/---

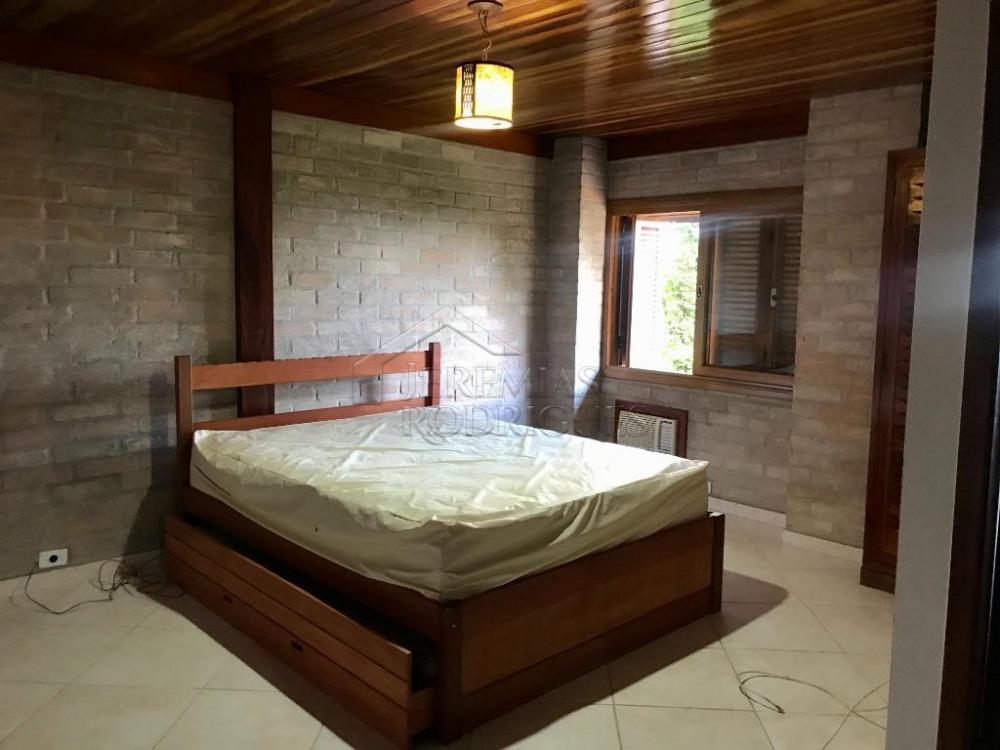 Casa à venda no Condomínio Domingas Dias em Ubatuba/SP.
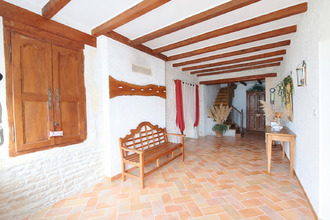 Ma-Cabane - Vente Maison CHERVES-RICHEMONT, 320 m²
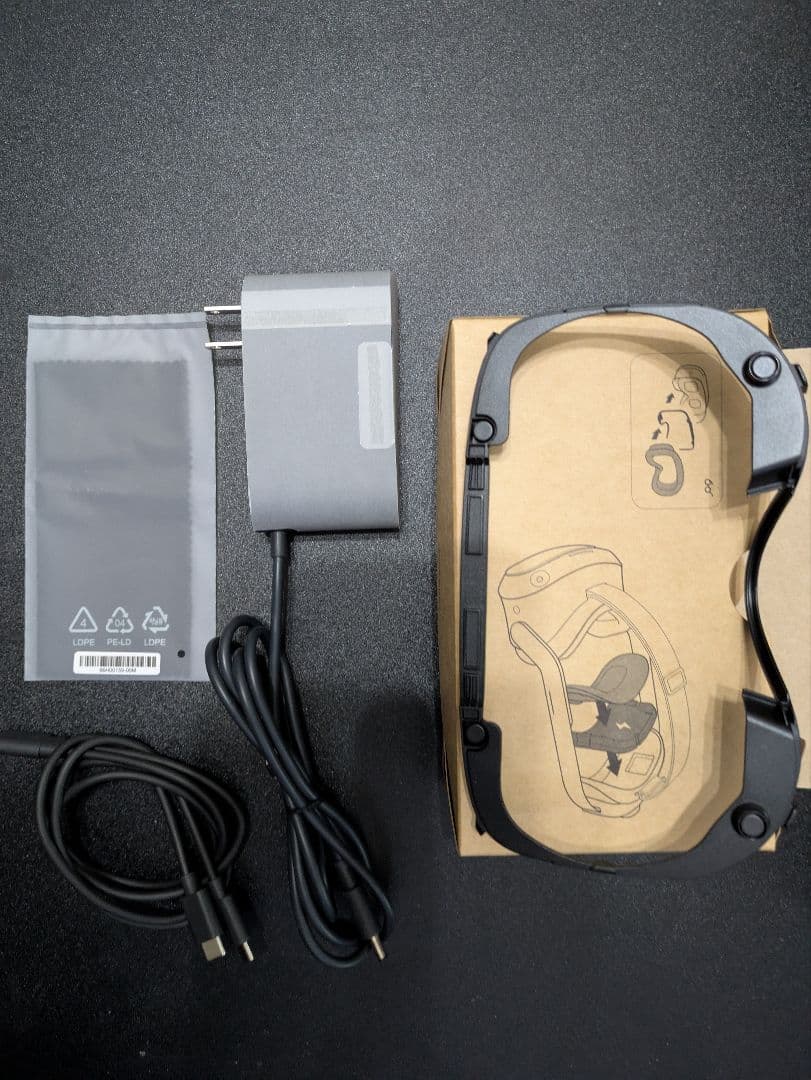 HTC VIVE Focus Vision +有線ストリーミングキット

\---

- [Instructions for the task]:
What this calls for is a word-for-word copy of the listing above, pictures excluded.

- [Task response]:
 Casa à venda no Condomínio Domingas Dias em Ubatuba/SP.
 Ma-Cabane - Vente Maison CHERVES-RICHEMONT, 320 m²
 HTC VIVE Focus Vision +有線ストリーミングキット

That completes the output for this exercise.